When you request a report containing a dimension with too many unique values, Analysis Workspace shows an indicator in the dimension header stating that not all dimension items are included. For example, Rows: 1-50 of more than 22,343,156. The more than keyword indicates that some optimization was applied to the report to return the most important dimension items.
           
          
Determining which dimension items to display
Customer Journey Analytics processes reports at the time that they are run, distributing the combined dataset to several servers. The size of the data request and amount of available Adobe hardware are two of many factors that help determine the number of servers assigned to process a report.
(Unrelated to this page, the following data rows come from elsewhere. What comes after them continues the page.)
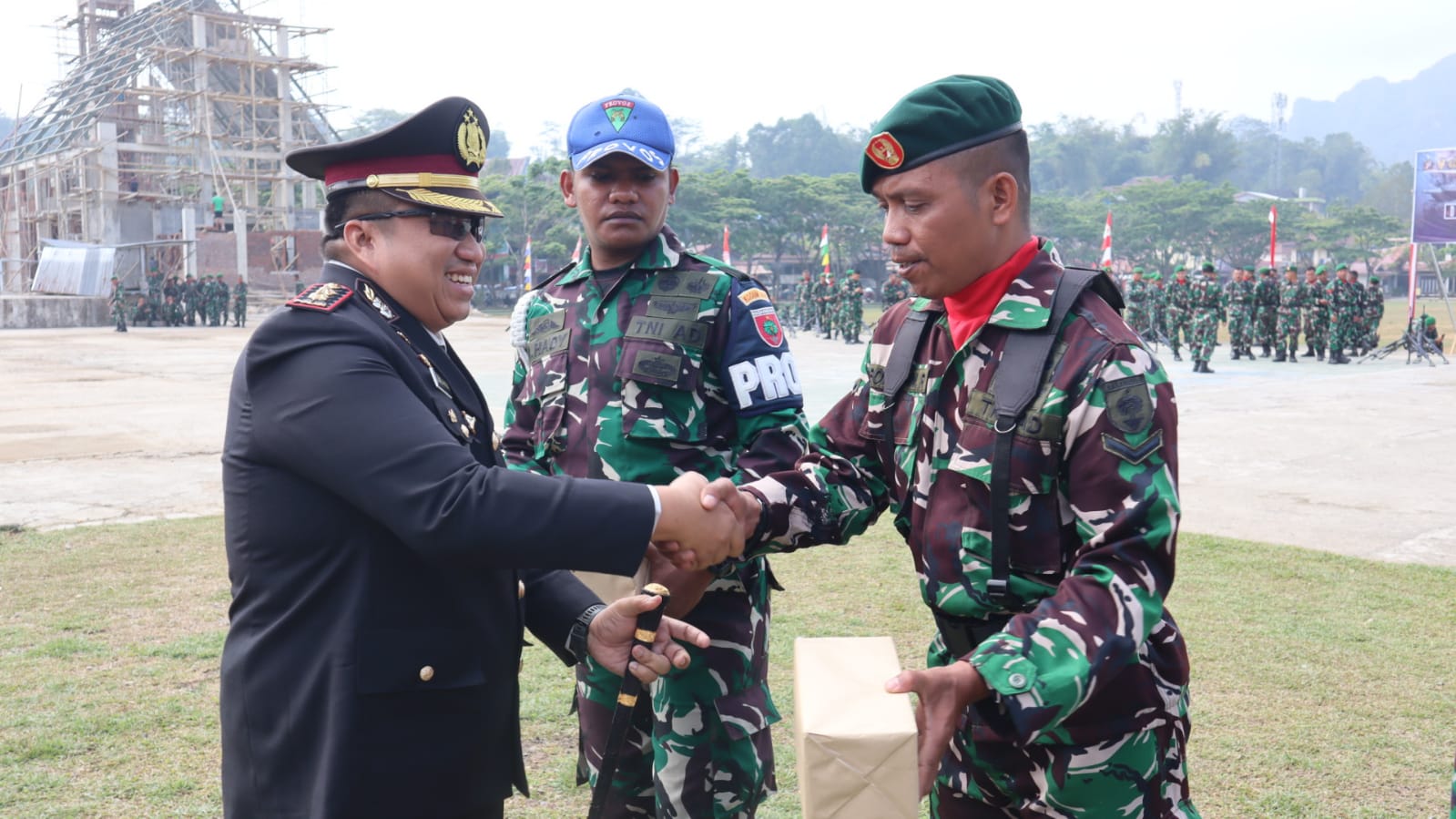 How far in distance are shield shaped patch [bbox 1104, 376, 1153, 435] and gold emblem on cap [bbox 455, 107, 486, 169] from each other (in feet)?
4.36

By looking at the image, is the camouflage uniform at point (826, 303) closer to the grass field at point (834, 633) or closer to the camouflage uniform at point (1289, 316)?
the camouflage uniform at point (1289, 316)

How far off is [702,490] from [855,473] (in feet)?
1.28

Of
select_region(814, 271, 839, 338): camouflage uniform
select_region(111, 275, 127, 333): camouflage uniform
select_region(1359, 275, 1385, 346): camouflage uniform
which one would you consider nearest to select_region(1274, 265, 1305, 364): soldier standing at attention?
select_region(1359, 275, 1385, 346): camouflage uniform

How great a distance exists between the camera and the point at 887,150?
7.11 feet

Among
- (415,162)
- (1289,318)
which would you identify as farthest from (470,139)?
(1289,318)

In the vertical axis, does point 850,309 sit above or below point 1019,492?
below

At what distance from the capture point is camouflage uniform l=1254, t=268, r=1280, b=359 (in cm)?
2353

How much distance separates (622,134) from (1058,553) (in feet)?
6.12

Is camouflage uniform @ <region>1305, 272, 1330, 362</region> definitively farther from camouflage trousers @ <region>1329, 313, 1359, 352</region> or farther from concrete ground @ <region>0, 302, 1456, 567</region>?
concrete ground @ <region>0, 302, 1456, 567</region>

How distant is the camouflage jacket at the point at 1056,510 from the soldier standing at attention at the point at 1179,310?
917 inches

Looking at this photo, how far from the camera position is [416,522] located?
1.90m

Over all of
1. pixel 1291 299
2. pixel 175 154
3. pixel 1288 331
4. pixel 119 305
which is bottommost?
pixel 119 305

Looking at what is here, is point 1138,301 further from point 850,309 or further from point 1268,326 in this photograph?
point 850,309

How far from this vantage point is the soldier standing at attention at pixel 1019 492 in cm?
180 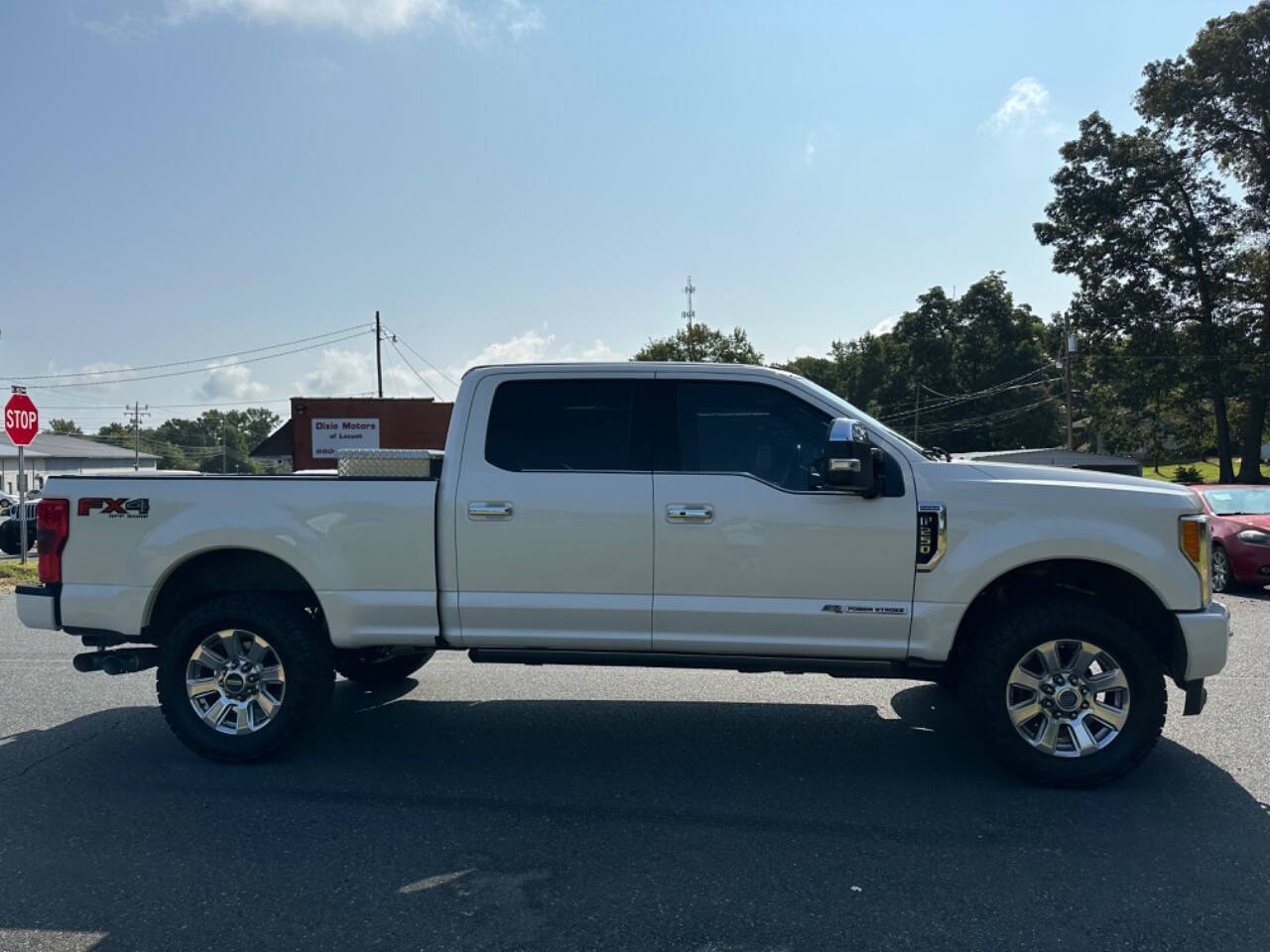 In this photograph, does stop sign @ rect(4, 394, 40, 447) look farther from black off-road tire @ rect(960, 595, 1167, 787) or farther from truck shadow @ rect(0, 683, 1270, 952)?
black off-road tire @ rect(960, 595, 1167, 787)

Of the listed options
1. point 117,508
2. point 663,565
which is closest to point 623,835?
point 663,565

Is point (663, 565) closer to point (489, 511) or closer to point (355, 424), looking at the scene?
point (489, 511)

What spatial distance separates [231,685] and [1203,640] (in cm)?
511

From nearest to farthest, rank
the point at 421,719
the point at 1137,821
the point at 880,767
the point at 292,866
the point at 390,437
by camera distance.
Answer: the point at 292,866
the point at 1137,821
the point at 880,767
the point at 421,719
the point at 390,437

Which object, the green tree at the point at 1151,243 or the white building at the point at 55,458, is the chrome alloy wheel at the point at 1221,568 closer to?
the green tree at the point at 1151,243

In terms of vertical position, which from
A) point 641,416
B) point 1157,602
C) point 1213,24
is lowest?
point 1157,602

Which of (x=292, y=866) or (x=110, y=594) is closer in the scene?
(x=292, y=866)

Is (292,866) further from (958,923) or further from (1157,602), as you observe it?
(1157,602)

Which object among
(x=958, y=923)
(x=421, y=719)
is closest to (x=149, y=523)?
(x=421, y=719)

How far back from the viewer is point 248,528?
513 cm

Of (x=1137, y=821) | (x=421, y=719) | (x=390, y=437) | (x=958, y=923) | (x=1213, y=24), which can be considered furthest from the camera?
(x=1213, y=24)

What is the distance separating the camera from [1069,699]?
4727mm

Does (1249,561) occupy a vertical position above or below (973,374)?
below

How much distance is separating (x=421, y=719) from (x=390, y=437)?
21704mm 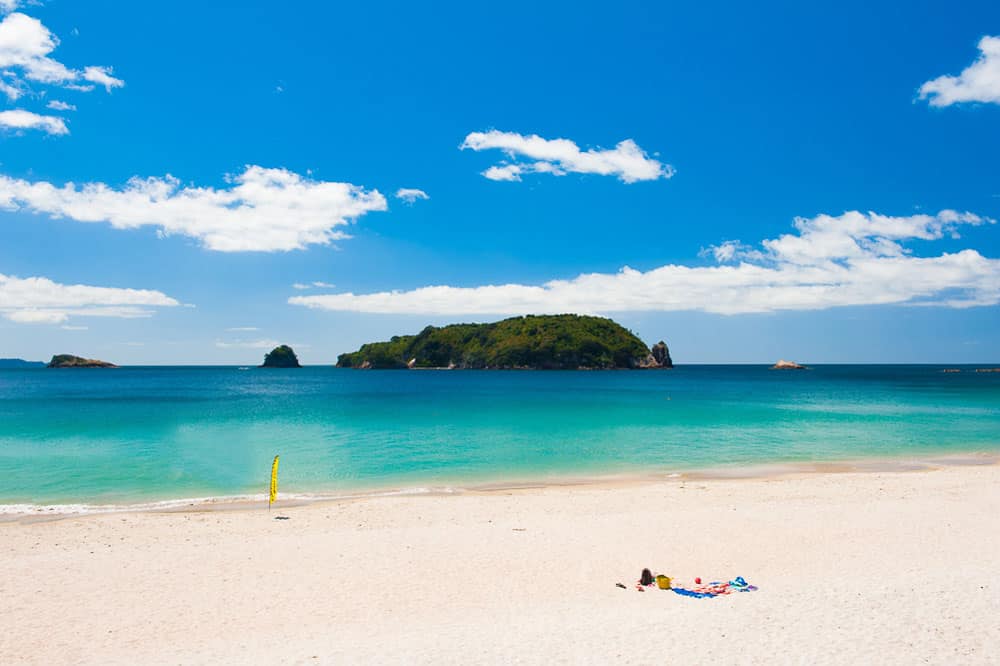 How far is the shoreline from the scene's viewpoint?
19.2 metres

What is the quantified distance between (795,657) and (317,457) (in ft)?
88.8

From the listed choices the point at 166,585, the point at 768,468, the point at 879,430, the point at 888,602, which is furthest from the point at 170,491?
the point at 879,430

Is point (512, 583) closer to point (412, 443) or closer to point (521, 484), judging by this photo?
point (521, 484)

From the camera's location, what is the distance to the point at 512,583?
37.3 feet

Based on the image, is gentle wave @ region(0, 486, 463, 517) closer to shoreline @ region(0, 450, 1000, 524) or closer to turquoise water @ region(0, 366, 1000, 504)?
shoreline @ region(0, 450, 1000, 524)

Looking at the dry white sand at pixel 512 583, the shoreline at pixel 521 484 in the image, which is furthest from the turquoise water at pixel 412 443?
the dry white sand at pixel 512 583

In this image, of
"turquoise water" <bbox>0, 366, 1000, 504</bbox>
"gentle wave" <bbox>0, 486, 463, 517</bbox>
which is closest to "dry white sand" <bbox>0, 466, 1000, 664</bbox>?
"gentle wave" <bbox>0, 486, 463, 517</bbox>

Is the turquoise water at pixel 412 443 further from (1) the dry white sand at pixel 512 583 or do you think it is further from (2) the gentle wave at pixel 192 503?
(1) the dry white sand at pixel 512 583

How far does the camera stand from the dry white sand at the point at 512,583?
8.04 metres

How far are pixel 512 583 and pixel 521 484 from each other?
12505 millimetres

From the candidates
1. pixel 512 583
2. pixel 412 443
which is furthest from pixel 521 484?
pixel 412 443

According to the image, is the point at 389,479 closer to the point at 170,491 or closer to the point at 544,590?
the point at 170,491

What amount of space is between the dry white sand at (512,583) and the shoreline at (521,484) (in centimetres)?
166

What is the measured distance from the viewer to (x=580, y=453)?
1257 inches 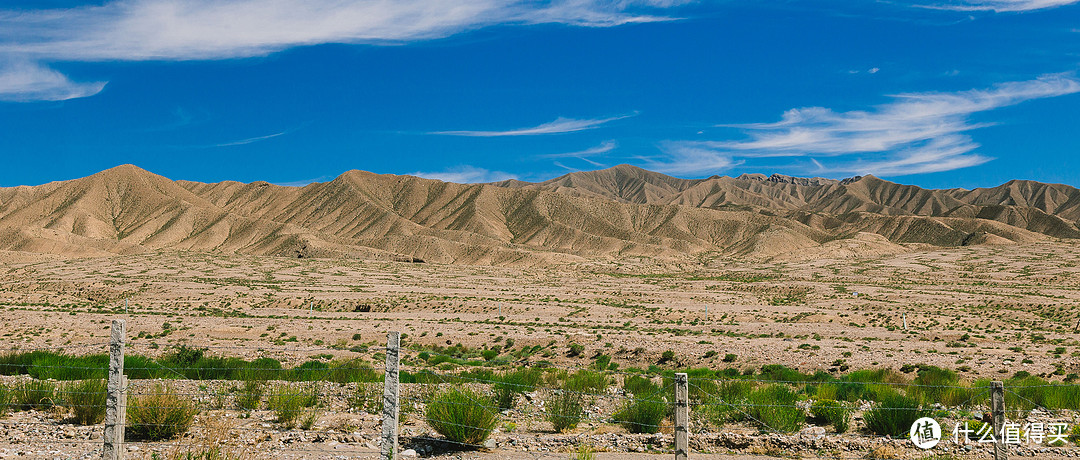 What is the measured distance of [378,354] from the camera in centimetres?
2411

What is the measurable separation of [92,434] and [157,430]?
1.21m

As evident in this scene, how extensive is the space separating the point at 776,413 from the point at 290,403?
8063mm

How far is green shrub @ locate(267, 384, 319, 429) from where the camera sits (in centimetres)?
1148

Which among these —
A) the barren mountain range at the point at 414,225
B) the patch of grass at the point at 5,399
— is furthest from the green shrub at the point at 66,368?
Answer: the barren mountain range at the point at 414,225

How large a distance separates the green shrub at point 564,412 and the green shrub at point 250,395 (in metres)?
4.93

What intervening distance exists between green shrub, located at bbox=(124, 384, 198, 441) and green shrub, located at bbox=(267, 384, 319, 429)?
142 cm

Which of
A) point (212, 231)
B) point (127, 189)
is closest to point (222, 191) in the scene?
point (127, 189)

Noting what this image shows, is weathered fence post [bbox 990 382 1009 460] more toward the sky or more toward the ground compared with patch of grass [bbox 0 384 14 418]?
more toward the sky

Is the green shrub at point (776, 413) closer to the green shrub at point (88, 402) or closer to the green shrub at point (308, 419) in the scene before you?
the green shrub at point (308, 419)

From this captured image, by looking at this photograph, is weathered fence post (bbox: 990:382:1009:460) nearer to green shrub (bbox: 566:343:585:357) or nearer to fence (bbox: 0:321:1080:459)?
fence (bbox: 0:321:1080:459)

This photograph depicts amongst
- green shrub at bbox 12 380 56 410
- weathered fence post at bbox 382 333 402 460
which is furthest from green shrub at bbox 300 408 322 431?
green shrub at bbox 12 380 56 410

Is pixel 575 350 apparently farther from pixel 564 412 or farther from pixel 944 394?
pixel 564 412

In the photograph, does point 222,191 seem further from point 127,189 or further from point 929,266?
point 929,266

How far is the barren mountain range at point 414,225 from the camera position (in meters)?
122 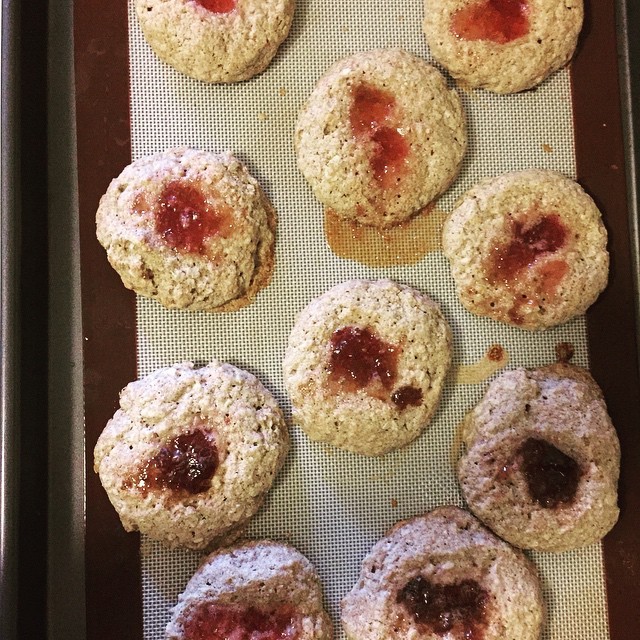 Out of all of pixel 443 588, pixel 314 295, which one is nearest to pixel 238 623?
pixel 443 588

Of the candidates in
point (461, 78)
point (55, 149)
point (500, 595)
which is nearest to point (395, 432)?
point (500, 595)

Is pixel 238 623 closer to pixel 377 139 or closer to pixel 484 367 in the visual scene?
pixel 484 367

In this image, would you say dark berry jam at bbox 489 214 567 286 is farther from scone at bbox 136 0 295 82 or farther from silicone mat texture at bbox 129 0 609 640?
scone at bbox 136 0 295 82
Since servers are dynamically assigned and not visible in the interface, there is not a way to see or control the number of servers that process a report.
Data per processing server is grouped by person ID, meaning that a single processing server contains all data for a given person. Once a server finishes processing, it hands its subset of processed data to an aggregator server. All subsets of processed data are combined and returned in the form of a Workspace report.
If any individual server processes data that exceeds a unique threshold, it truncates the results before returning the processed subset of data. Truncated dimension items are determined based on the metric that is used for sorting.
If the sorting metric is a calculated metric, the server uses the metrics within the calculated metric to determine which dimension items to truncate. Since calculated metrics can contain several metrics of varying importance, results can be less accurate. For example, when calculating “Revenue per person”, the total amount of revenue and total number of persons are returned and aggregated before doing the division. As a result, each individual processing server chooses which items to remove without knowing how their results affect overall sorting.
Though some individual dimension items might be missing from high cardinality reports, column totals are accurate and not based on truncated data. The Approximate Count Distinct calculated metric function is also not affected by truncated dimension items.
Best practices for high cardinality dimensions
The best way to accommodate high cardinality dimensions is to limit the number of dimension items that a report processes. Since all reports are processed at the time that they are requested, you can adjust report parameters for immediate results. Adobe recommends any of the following optimizations to high cardinality dimensions:
- Use a segment. Segments apply at the time that each server processes a subset of data.
- Use a search. Dimension items excluded from the search term are removed from the report results, making it more likely that you see the desired dimension items.
- Use a lookup dataset dimension. Lookup dataset dimensions combine event dataset dimension items, which limit the number of unique values returned.
- Use the Include/exclude component setting in the data view manager.
- Shorten the request’s date range. If many unique values accumulate over time, shortening the date range of the Workspace report can limit the number of unique values for servers to process.
- Consider using Full Table Export to return all rows of the table.
- If the number of unique values is the primary focus, use the Approximate Count Distinct calculated metric function.